In keeping with the FOSS philosophy of OSMF, we will try BigBlueButton, an open-source videoconferencing platform. Thus, if OSMF members want to tune in to the next board meeting, watch for announcements that we will meet in a video conference. We will ask that non-members of the board keep their cameras and microphones off, and that only board members have their cameras and microphones on.

Minutes of the “screen-to-screen” meeting remain in process. Bottom line up front: the board has taken on board much of the information in the SWOT analysis, last year’s survey, and the 40+ conference calls I have made to community members, local communities and chapters, and members of our advisory board. We accept all criticism that has come our way and are working on how to address the problems you have identified to us.
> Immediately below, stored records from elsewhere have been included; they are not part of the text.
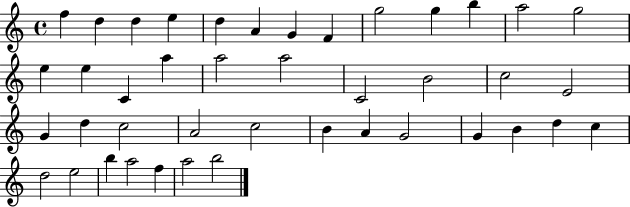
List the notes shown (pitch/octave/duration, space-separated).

F5/q D5/q D5/q E5/q D5/q A4/q G4/q F4/q G5/h G5/q B5/q A5/h G5/h E5/q E5/q C4/q A5/q A5/h A5/h C4/h B4/h C5/h E4/h G4/q D5/q C5/h A4/h C5/h B4/q A4/q G4/h G4/q B4/q D5/q C5/q D5/h E5/h B5/q A5/h F5/q A5/h B5/h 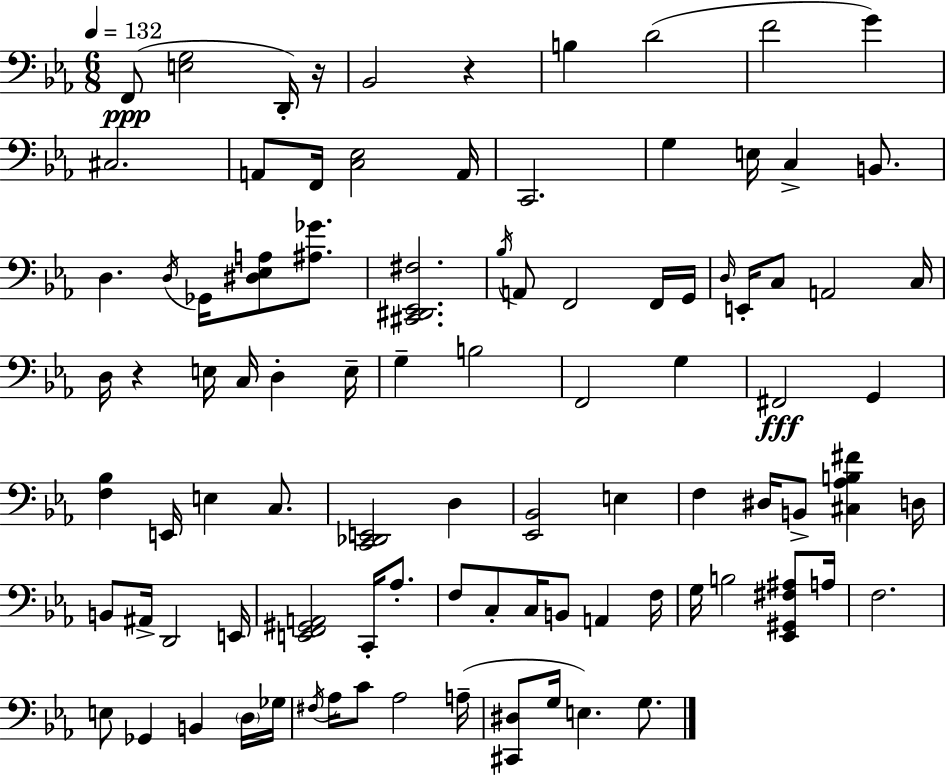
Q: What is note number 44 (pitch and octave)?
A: D3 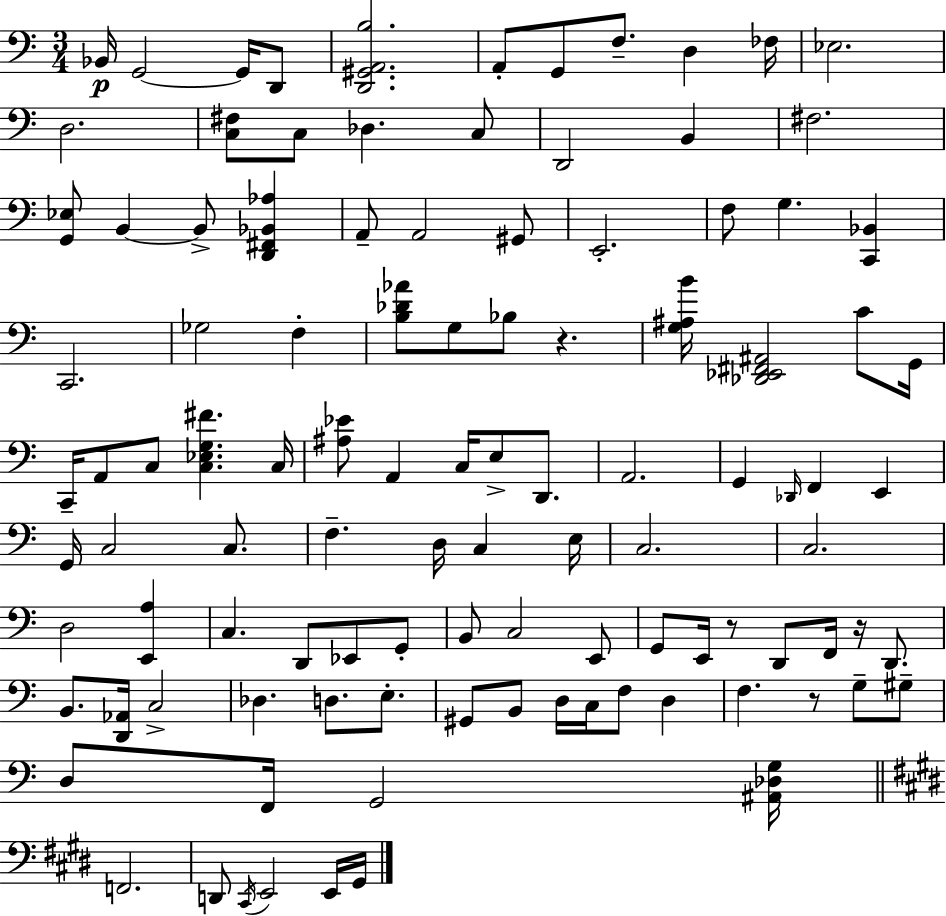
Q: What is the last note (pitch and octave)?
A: G#2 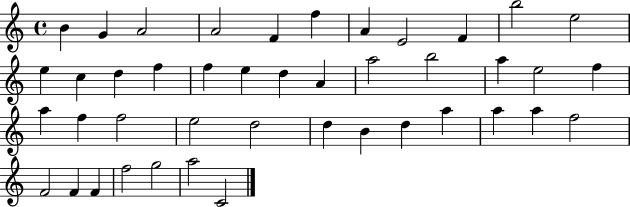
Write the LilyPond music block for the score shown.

{
  \clef treble
  \time 4/4
  \defaultTimeSignature
  \key c \major
  b'4 g'4 a'2 | a'2 f'4 f''4 | a'4 e'2 f'4 | b''2 e''2 | \break e''4 c''4 d''4 f''4 | f''4 e''4 d''4 a'4 | a''2 b''2 | a''4 e''2 f''4 | \break a''4 f''4 f''2 | e''2 d''2 | d''4 b'4 d''4 a''4 | a''4 a''4 f''2 | \break f'2 f'4 f'4 | f''2 g''2 | a''2 c'2 | \bar "|."
} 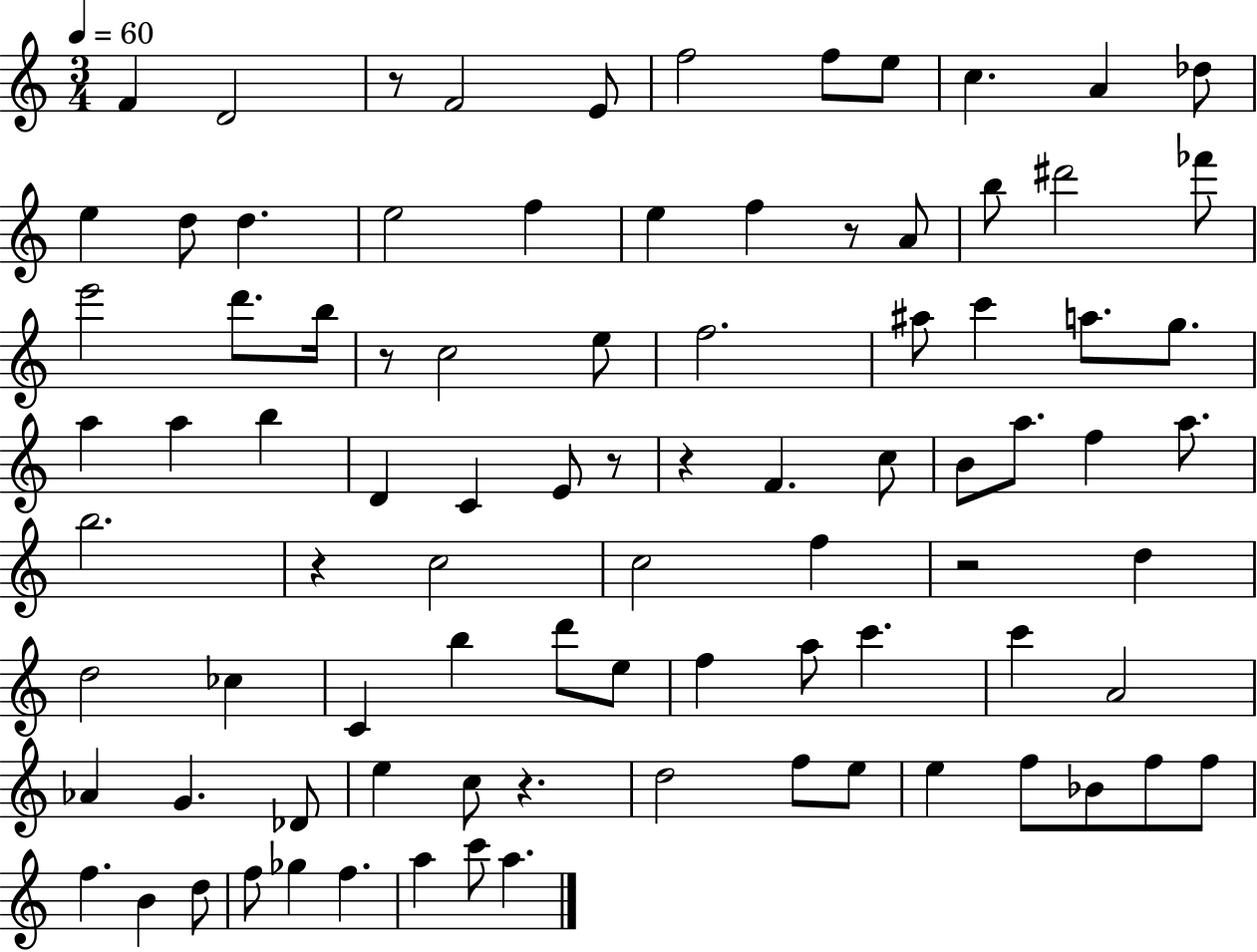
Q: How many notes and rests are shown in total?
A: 89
In March I flew to Riga for what will likely be the last in-person regional SOTM for a while due to the pandemic, State of the Map Baltics (many thanks and kudos to Rihards Olups for pulling it together and being my host in Riga). My presentation on “Winds of Change in OSM” was well received. I plan to deliver an updated version of that presentation during the virtual SOTM in July, so if you are interested in a synopsis of what I have been hearing from across the community, and my take on it all, be sure to tune in.
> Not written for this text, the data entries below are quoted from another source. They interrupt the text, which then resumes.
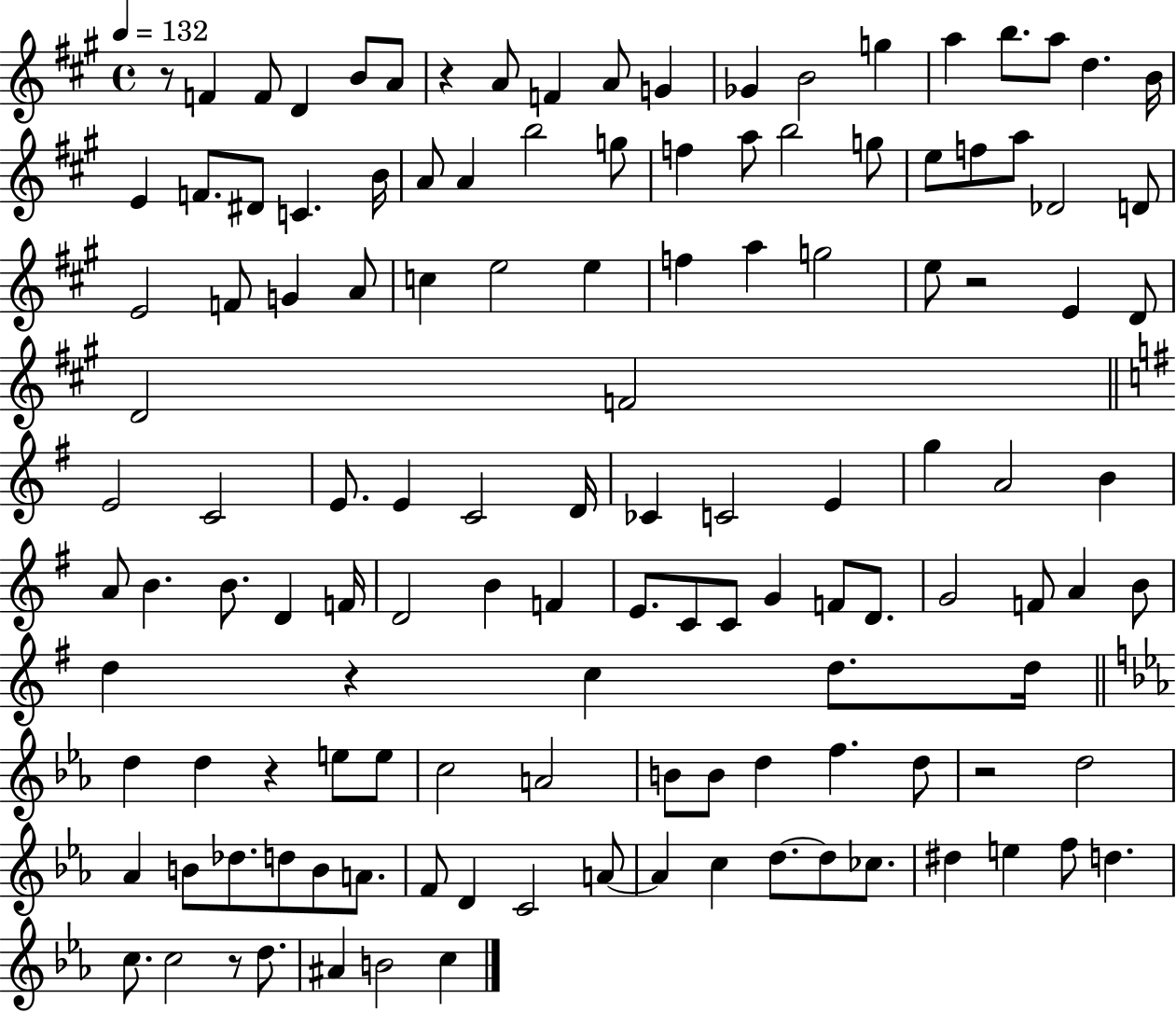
{
  \clef treble
  \time 4/4
  \defaultTimeSignature
  \key a \major
  \tempo 4 = 132
  \repeat volta 2 { r8 f'4 f'8 d'4 b'8 a'8 | r4 a'8 f'4 a'8 g'4 | ges'4 b'2 g''4 | a''4 b''8. a''8 d''4. b'16 | \break e'4 f'8. dis'8 c'4. b'16 | a'8 a'4 b''2 g''8 | f''4 a''8 b''2 g''8 | e''8 f''8 a''8 des'2 d'8 | \break e'2 f'8 g'4 a'8 | c''4 e''2 e''4 | f''4 a''4 g''2 | e''8 r2 e'4 d'8 | \break d'2 f'2 | \bar "||" \break \key e \minor e'2 c'2 | e'8. e'4 c'2 d'16 | ces'4 c'2 e'4 | g''4 a'2 b'4 | \break a'8 b'4. b'8. d'4 f'16 | d'2 b'4 f'4 | e'8. c'8 c'8 g'4 f'8 d'8. | g'2 f'8 a'4 b'8 | \break d''4 r4 c''4 d''8. d''16 | \bar "||" \break \key ees \major d''4 d''4 r4 e''8 e''8 | c''2 a'2 | b'8 b'8 d''4 f''4. d''8 | r2 d''2 | \break aes'4 b'8 des''8. d''8 b'8 a'8. | f'8 d'4 c'2 a'8~~ | a'4 c''4 d''8.~~ d''8 ces''8. | dis''4 e''4 f''8 d''4. | \break c''8. c''2 r8 d''8. | ais'4 b'2 c''4 | } \bar "|."
} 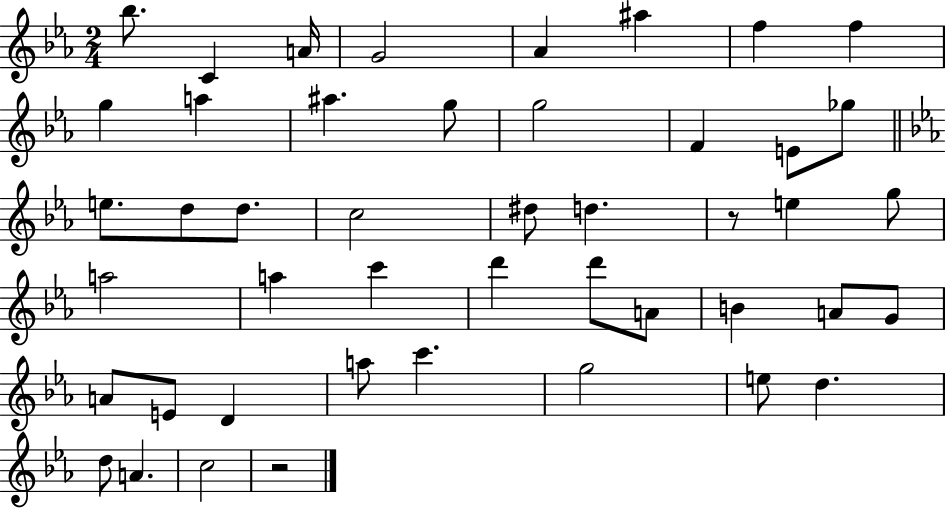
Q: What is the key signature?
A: EES major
I have also been armchair mapping. One outcome of the pandemic has been evacuation of tourists, business people, and guest workers from affected countries to their homelands. These evacuations are typically organized by embassies and consulates. As a former diplomat and ambassador, and the instigator of the Tag:office=diplomatic tagging scheme, I have begun upgrading diplomatic POIs in my old stomping grounds, the former Soviet Union, so that people can not only find their homelands’ embassies and consulates, but find contact information for them in the various offline smartphone apps like MAPS.ME. So far Turkmenistan, Azerbaijan, and Georgia are done (though I posted a few fixme tags for problems I cannot solve from afar, and which need local mappers to solve). So I am not only keeping busy chairing the board of directors of the OSM Foundation, I am mapping, too.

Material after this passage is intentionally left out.